--- START ---

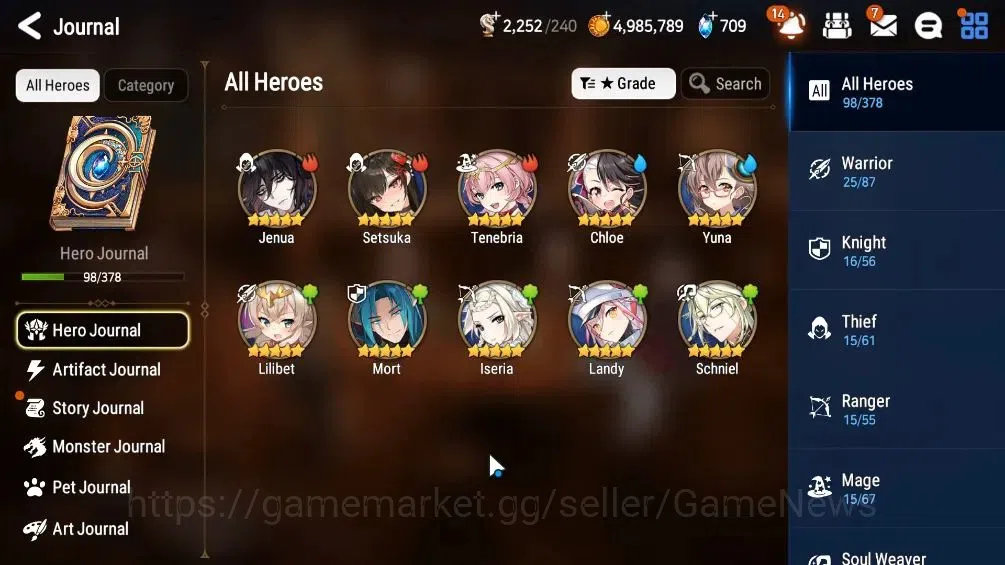 Epic Seven Accounts High-End GLOBAL UNVerif|NewEra|8 ML(LOTScales,SE Celine,BYSHwayoung,etc)+Setsuka,landy,Etc|Poh ON|2,2K 7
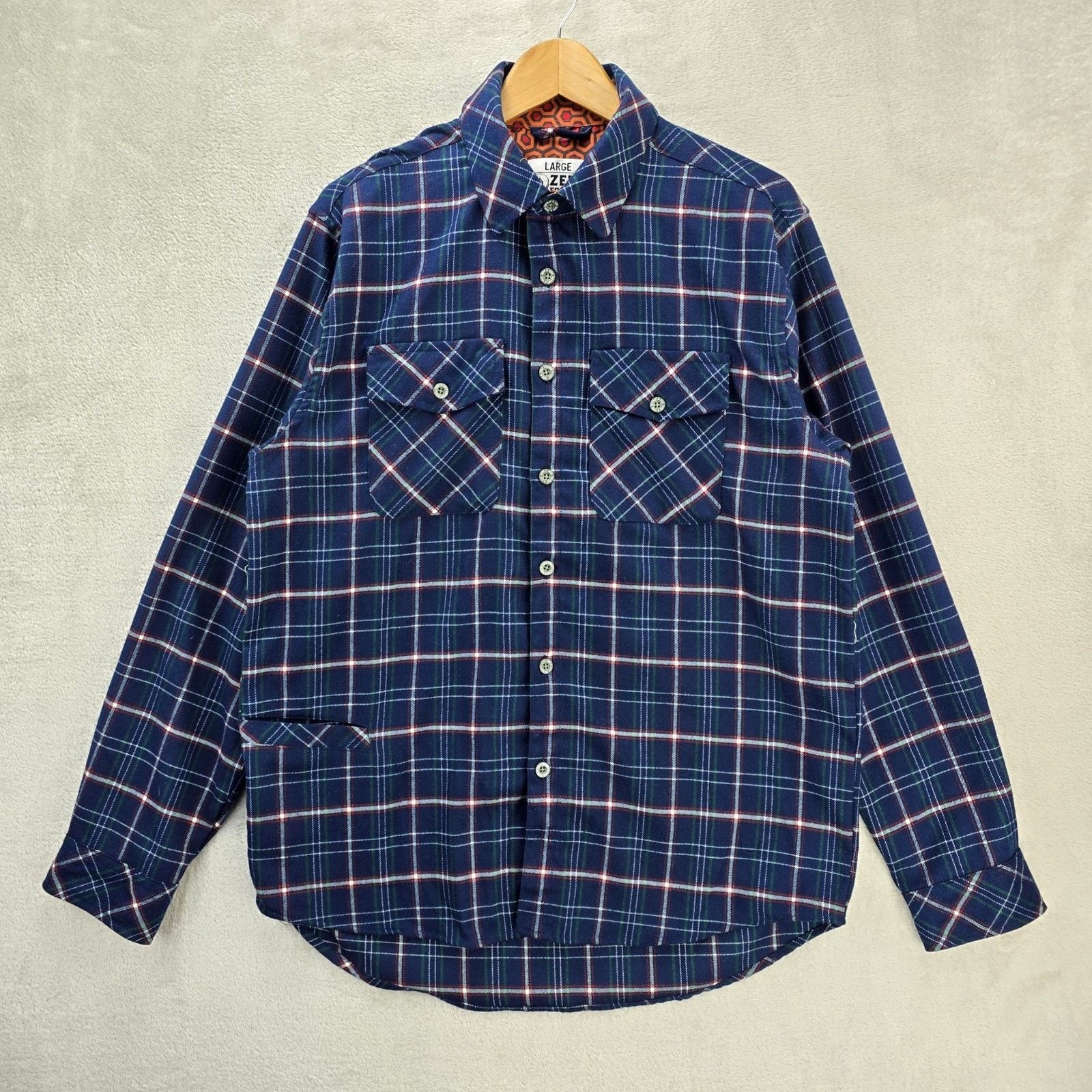 Other Zero Foxtrot Flannel Button Up Shirt Mens Large Long Sleeve Size US L / EU 52-54 / 3 - 1 Thumbnail
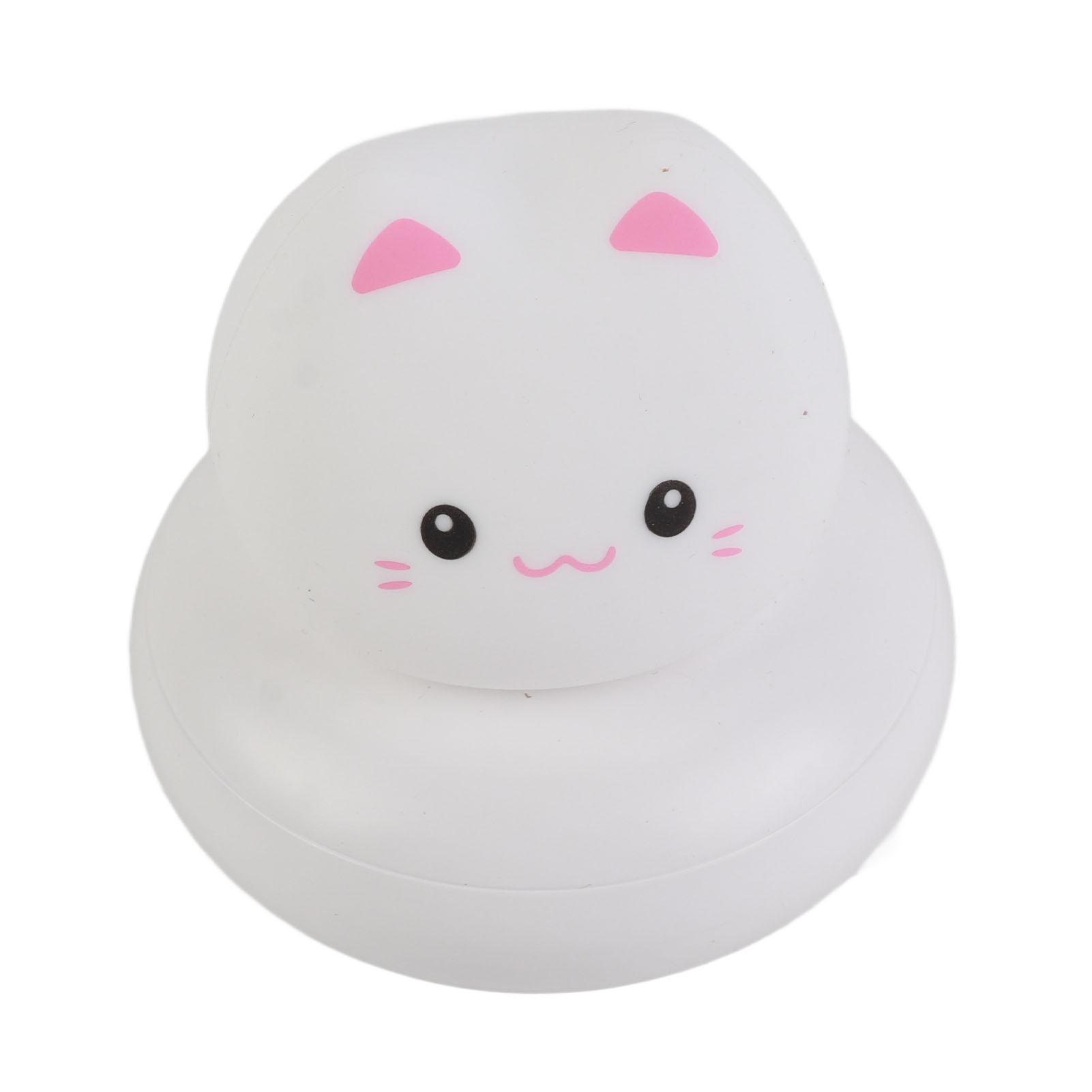 

Светодиодный ночник для кошек для детей на батарейках, многоцветный, с подсветкой, силиконовый, милый, для детской комнаты с кошками
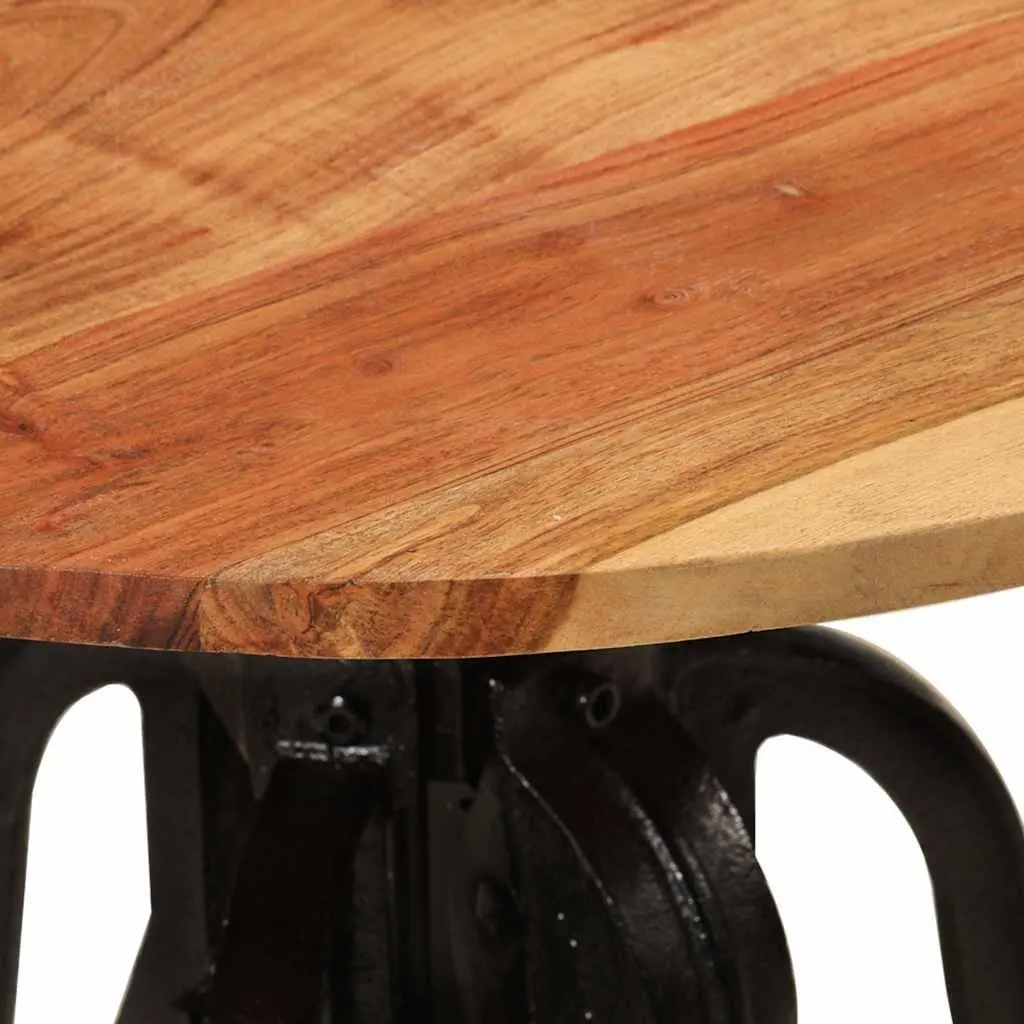 Solid Wood Adjustable Side End Table 60cm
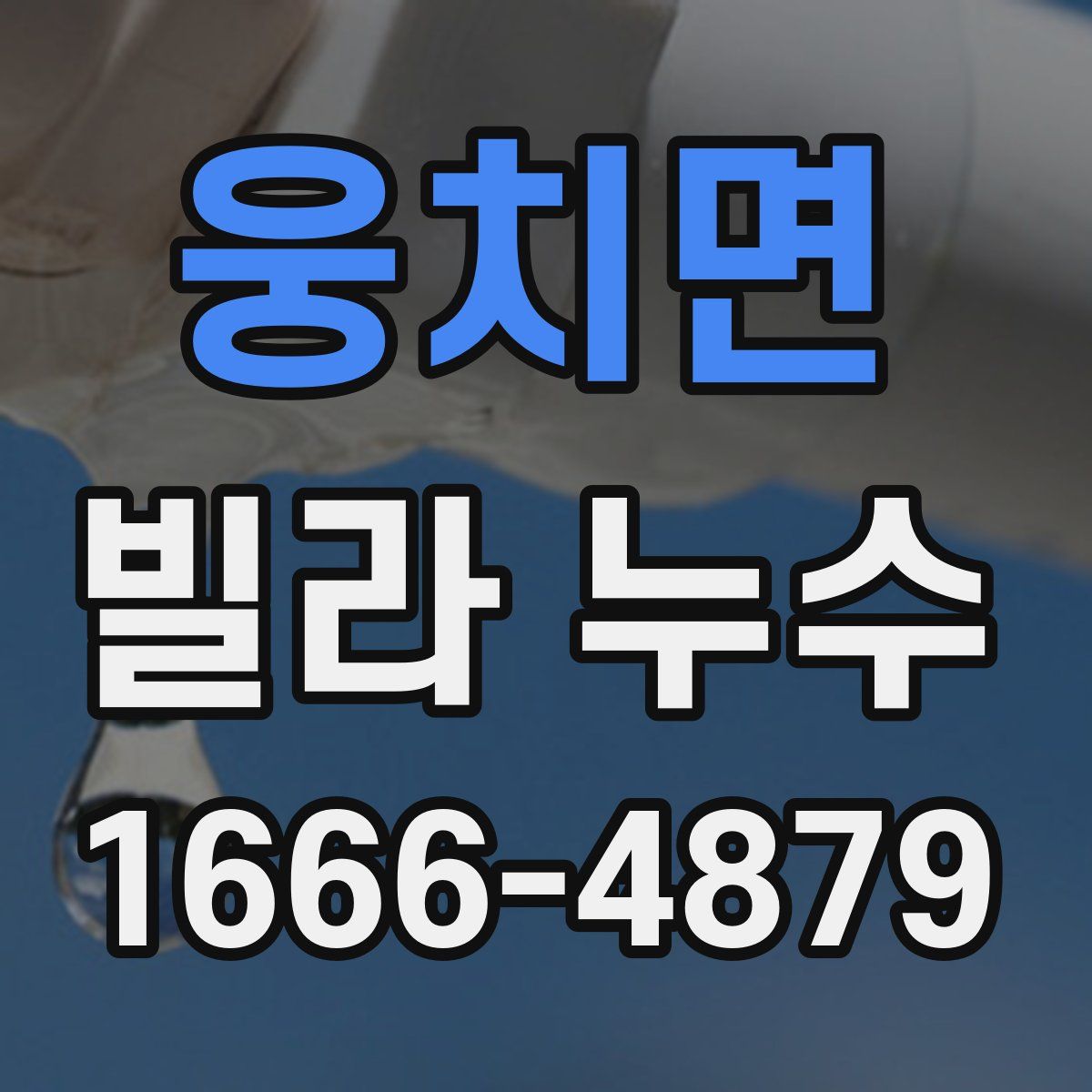 웅치면 빌라 누수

--- END ---

:: WORK ORDER ::
Your answer must be a verbatim copy of the entries above, with no images included.

:: THE ANSWER ::
 Epic Seven Accounts High-End GLOBAL UNVerif|NewEra|8 ML(LOTScales,SE Celine,BYSHwayoung,etc)+Setsuka,landy,Etc|Poh ON|2,2K 7
 Other Zero Foxtrot Flannel Button Up Shirt Mens Large Long Sleeve Size US L / EU 52-54 / 3 - 1 Thumbnail

Светодиодный ночник для кошек для детей на батарейках, многоцветный, с подсветкой, силиконовый, милый, для детской комнаты с кошками
 Solid Wood Adjustable Side End Table 60cm
 웅치면 빌라 누수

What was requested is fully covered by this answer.